雨の中のきみ#17

「おはよう莉々」

「おはよう由依」

大学について教室に行くと先に莉々が席についていた。挨拶を交わして隣に座ると、その席からはいつも間宮さんが立っている構内の入り口が見えた。といっても今日は晴天なので間宮さんはいない。

「由依、次の授業の予習してきた?」

「統計学? 多少ね。確か尺度水準の話だったと思うけど」

「しゃくどすいじゅん?」

「尺度水準。データの尺度をどのように分類するかって話」

「難しいかな」

「そうでもないと思う」

純粋な成績だけでいえばわたしより莉々の方が成績がいい。莉々は授業中にきっちり話を聞いて理解するタイプで、わたしは予習復習はきっちりやるけど授業中は寝ているタイプだ。そりゃ莉々の方が成績がいいのは当然だろう。高校生の時から試験前は莉々のノートに頼りっぱなしのわたしである。そのかわり、実技や実習はわたしのほうが成績がいいのでちょいちょい莉々の手伝いをする。たぶんわたしは考えながら手を動かすのが得意なのだろう。そういう意味で今の引越し屋のバイトは性にあっている。

「莉々はさ、愛情と友情の違いってわかる?」

「性欲が伴うか伴わないか」

「わあ簡潔」

まったくもってわかりやすい説明である。そうか最初からそう考えればよかったのか。そういう意味で言えばわたしは間宮さんに対して性欲を抱いていないから愛情ではないと言える。うん、明瞭快活わかりやすい。

「でも幼いころの恋だったりとか、年配になってからの恋もあるから一概にそうとは言い切れないけど」

「う、そうね。話が振出しに戻った」

「何の話?」

「わたしと間宮さんの話」

「ああ、それ」

莉々にわたしが間宮さんに抱いているのは友情で会って愛情ではないこと、でもそれをうまく言葉で表せないことを説明する。
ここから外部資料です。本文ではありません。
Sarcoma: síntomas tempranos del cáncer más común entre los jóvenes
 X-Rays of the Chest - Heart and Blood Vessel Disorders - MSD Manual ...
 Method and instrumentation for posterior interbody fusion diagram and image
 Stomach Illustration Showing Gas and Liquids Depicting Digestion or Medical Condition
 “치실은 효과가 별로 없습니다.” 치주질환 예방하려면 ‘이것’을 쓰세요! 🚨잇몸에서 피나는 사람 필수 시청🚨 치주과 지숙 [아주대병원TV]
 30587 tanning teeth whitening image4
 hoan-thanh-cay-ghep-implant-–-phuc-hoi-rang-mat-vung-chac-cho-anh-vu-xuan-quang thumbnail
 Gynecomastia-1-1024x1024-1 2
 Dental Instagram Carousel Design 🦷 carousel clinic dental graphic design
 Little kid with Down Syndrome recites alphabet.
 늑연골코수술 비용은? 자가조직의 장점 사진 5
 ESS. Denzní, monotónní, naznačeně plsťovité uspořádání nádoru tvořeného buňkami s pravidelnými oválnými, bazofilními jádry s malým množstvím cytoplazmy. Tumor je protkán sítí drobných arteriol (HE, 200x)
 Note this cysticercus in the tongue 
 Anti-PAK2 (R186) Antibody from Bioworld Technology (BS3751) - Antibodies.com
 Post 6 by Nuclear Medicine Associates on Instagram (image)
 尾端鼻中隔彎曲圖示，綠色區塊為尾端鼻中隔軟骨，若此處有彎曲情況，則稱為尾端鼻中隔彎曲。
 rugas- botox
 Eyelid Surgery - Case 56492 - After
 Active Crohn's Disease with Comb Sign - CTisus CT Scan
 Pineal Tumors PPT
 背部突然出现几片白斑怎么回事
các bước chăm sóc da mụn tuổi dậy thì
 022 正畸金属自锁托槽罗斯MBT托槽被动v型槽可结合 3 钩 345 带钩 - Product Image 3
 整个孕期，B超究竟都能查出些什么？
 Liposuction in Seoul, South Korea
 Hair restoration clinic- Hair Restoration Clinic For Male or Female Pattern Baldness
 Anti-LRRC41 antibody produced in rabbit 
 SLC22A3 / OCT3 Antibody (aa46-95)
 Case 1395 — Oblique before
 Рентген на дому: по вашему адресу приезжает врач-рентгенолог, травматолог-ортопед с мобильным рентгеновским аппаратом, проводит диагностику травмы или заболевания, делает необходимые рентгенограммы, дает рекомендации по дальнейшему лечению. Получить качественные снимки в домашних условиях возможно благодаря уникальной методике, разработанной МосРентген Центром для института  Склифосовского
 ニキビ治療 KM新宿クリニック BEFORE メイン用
「それ言葉にしようとするからわからないんじゃないの」

「でも言葉にしないと曖昧にならない?」

「曖昧じゃダメなの?」

言われてみればそうだ。別に明確に分類する必要なんてないのかもしれない。

「……最初に恋じゃないかって言ったの莉々じゃん」

「そうだけど。由依があまりにも熱心に間宮さん間宮さん言ってるから好きなのかと思って言っただけだよ。別に恋じゃなくてもいいし、友情じゃなくてもいいし、両方でも構わないし」

そう言われるとそんな気がする。気持ちにラベリングする必要なんてないんだよね。わたしは間宮さんの隣に居たい。間宮さんはそれを許してくれている。それだけで十分ではないか。この先どこまでそれが続くかわからないけれど、そういう関係があってもいいのだから、そのまま続けていこうと思う。

「あ、先生きた」

「じゃあ授業受けますか」

「由依は寝てるだけじゃん……」

「睡眠学習なんですよ」

一応寝ないで頑張ろうとは思っている。思っているだけでそれが成功したことがないだけだ。